Non sembra nemmeno più un’imbarcazione della Marina francese, adesso il colore che predomina è il rosa, poi c'è la scritta Rescue, ovvero salvataggio, e la riproduzione di una delle opere più famose di Banksy, la bambina che con la mano sorregge non il cuore, stavolta, ma un salvagente. La Louise Michel, la nave della Ong del più famoso street artist del mondo, prende il nome da un'anarchica francese e si fonda su tre principi che la rendono unica: femminismo, antirazzismo e antifascismo.
Da ieri -domenica 26 marzo, è bloccata da un fermo amministrativo nel porto di Lampedusa con l'accusa di avere violato il decreto che disciplina le attività di ricerca e salvataggio in mare delle imbarcazioni. «Prenderemo tutte le misure necessarie per combattere questo fermo», assicura l’equipaggio.
Lunga 30 metri e capace di raggiungere i 28 nodi, è stata acquistata con i proventi della vendita delle opere d’arte di Banksy.

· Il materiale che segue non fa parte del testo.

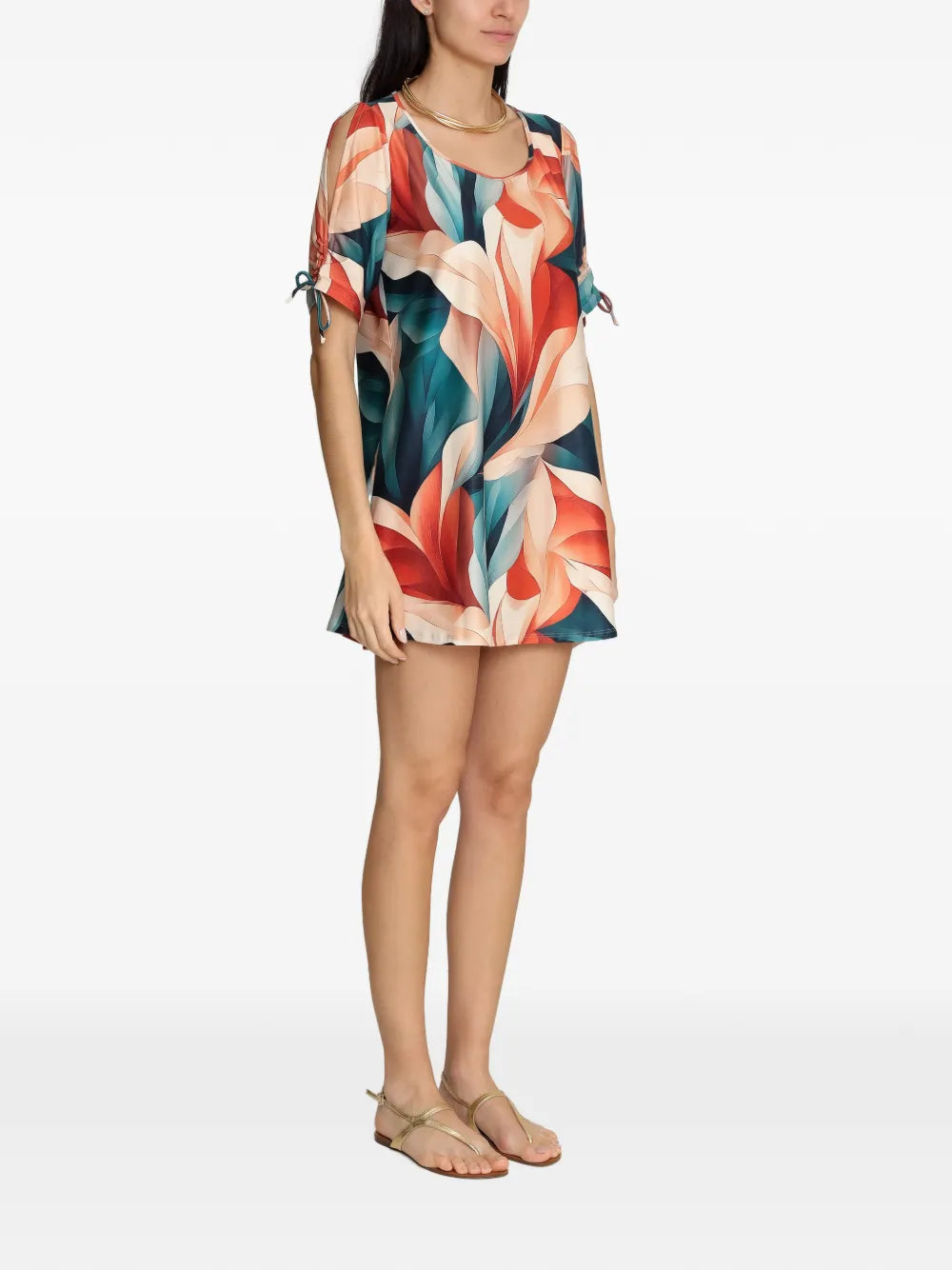 Lygia Nanny Batuira Gathered Sleeve Floral Print Mini Dress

È gestita da un team di professionisti del soccorso, attivisti provenienti da tutta Europa. Il suo equipaggio è formato da moltissime donne, tutte vegane e determinate a salvare vite umane: «Ci hanno detto che non siamo autorizzati a lasciare il porto di Lampedusa - ha spiegato la capomissione della Louise Michel, Morena Milijanovic -. L’intenzione è molto chiaramente quella di impedire attivamente che le navi capaci di soccorrere soccorrano, la conseguenza è che le persone muoiono in mare».
Morena Milijanovic racconta delle quattro operazioni di salvataggio eseguite in 24 ore, che hanno «salvato 187 persone», di «quando abbiamo emesso un mayday che è stato ignorato dalla guardia costiera italiana per oltre mezz'ora. Siamo riusciti a portare in salvo queste persone dall’acqua». E si rattrista quando parla di un bambino che aveva perso conoscenza «che alla fine siamo riusciti a consegnare all’imbarcazione della guardia costiera italiana che in precedenza aveva ignorato i nostri mayday».

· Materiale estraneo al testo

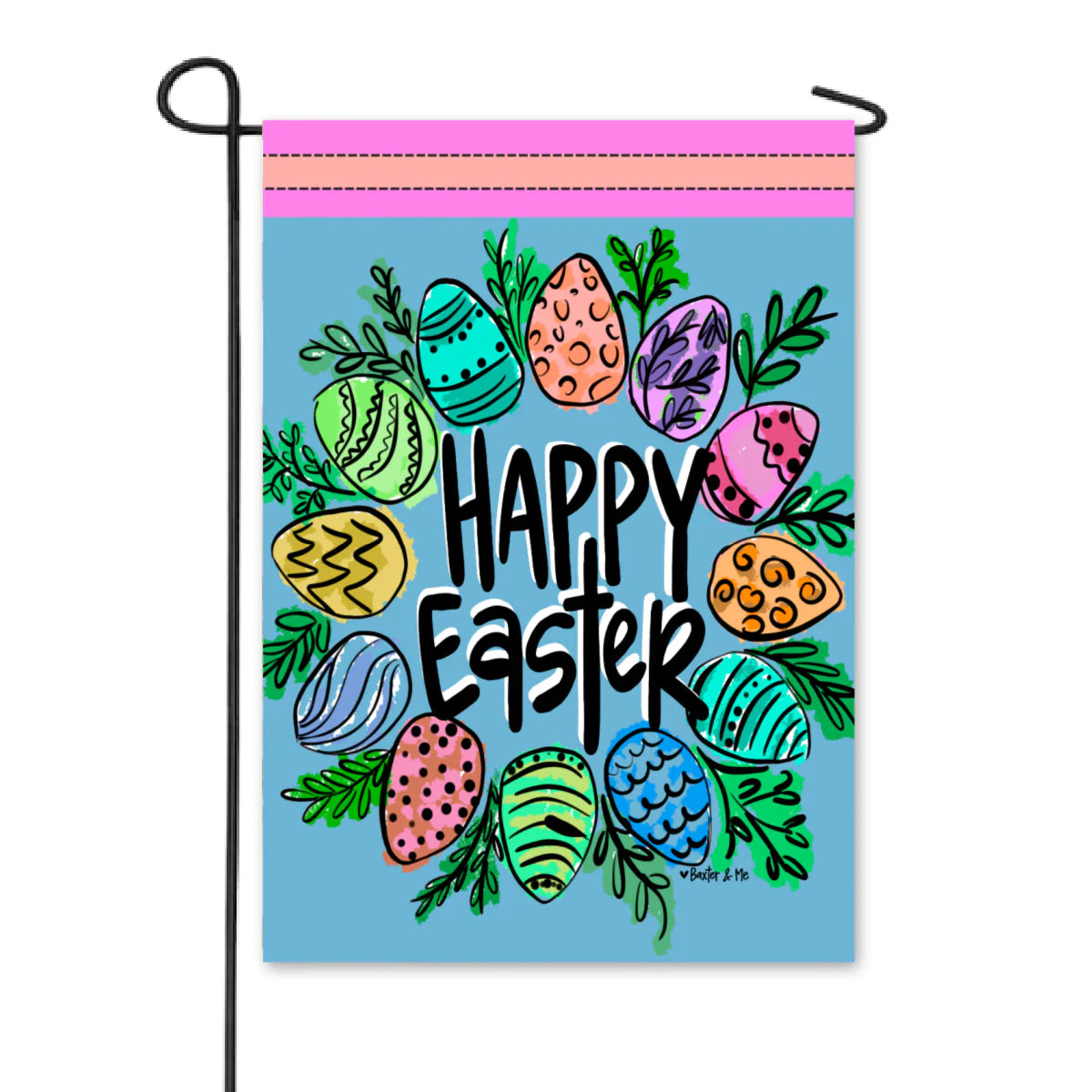 Pastel Easter Wreath Garden Flag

L’equipaggio più donna del mondo ricorda che «il confine europeo sul Mediterraneo è il più mortale del mondo» e spiega che «stiamo lavorando contro qualsiasi politica che lasci volontariamente annegare le persone in mare. Lottiamo per la libertà di movimento per tutti, perché, come ha detto Louise Michel, "è necessario qualcosa oltre alla carità per fornire pane a tutti". L’aiuto umanitario da solo non è la risposta».

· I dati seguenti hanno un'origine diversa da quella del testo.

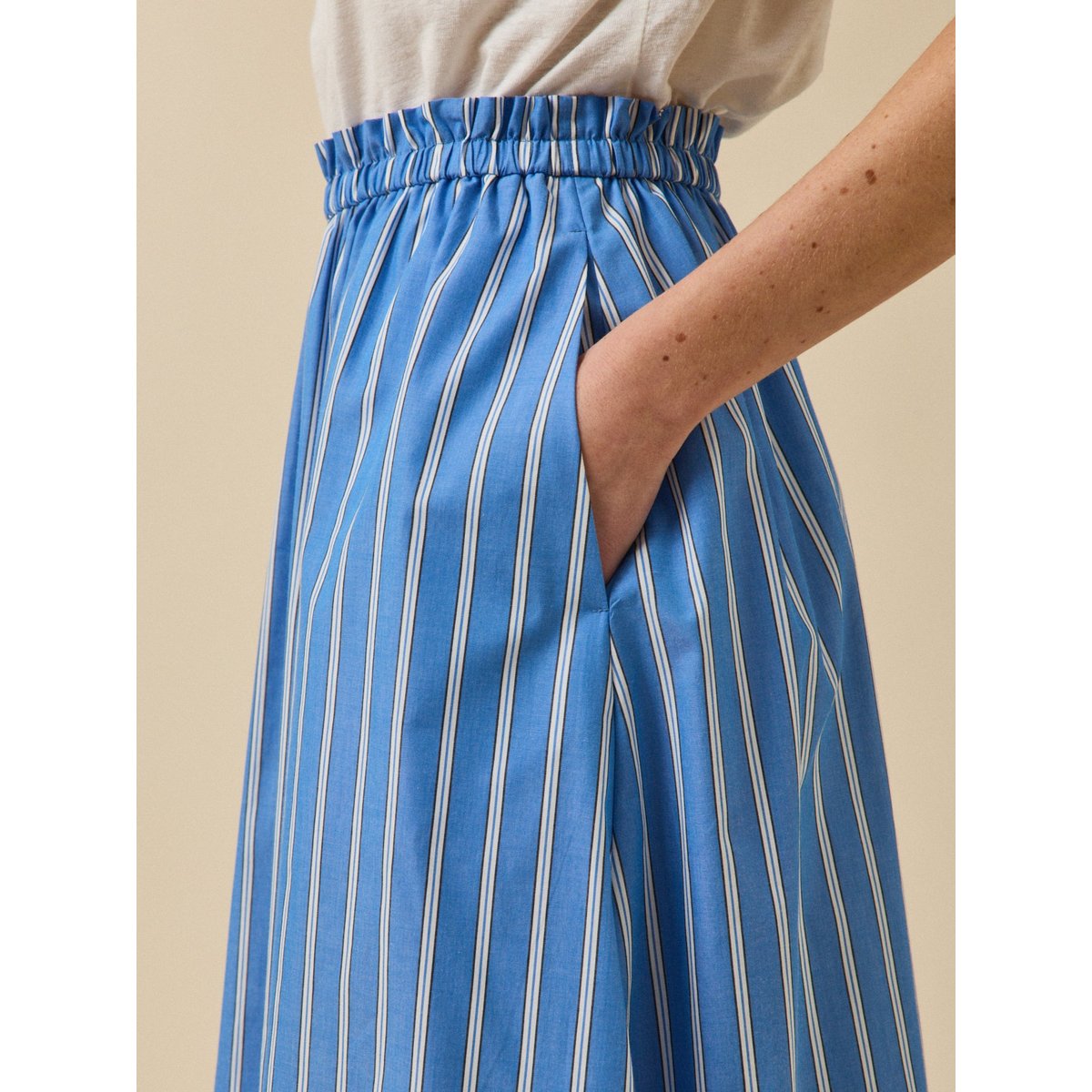 Jupe longue coton rayé rayure bleue, CYRILLUS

Il portavoce della nave di Banksy, Jonathan Work, fornisce la sua versione di quanto accaduto: «Non posso entrare nel merito delle singole contestazioni, su cui ci difenderemo nelle sedi opportune, però, a noi la situazione appare chiara. Sabato abbiamo effettuato quattro salvataggi e poi ci hanno fermati, una volta entrati nel porto di Lampedusa la guardia costiera ci ha imposto di non muoverci più dal molo. Il nostro unico proposito era ed è salvare vite umane: c'erano altri interventi da fare, nello specchio di mare di fronte a Lampedusa, ma non avevamo il permesso di andare. La guardia costiera non ci ha aiutato nelle operazioni di salvataggio, non ha risposto a Frontex: volevano solo mandarci verso Trapani, quando c'era ancora tanto da fare attorno a Lampedusa. Noi non facciamo nulla di sbagliato, non abbiamo violato il diritto internazionale. Non abbiamo violato alcuna regola».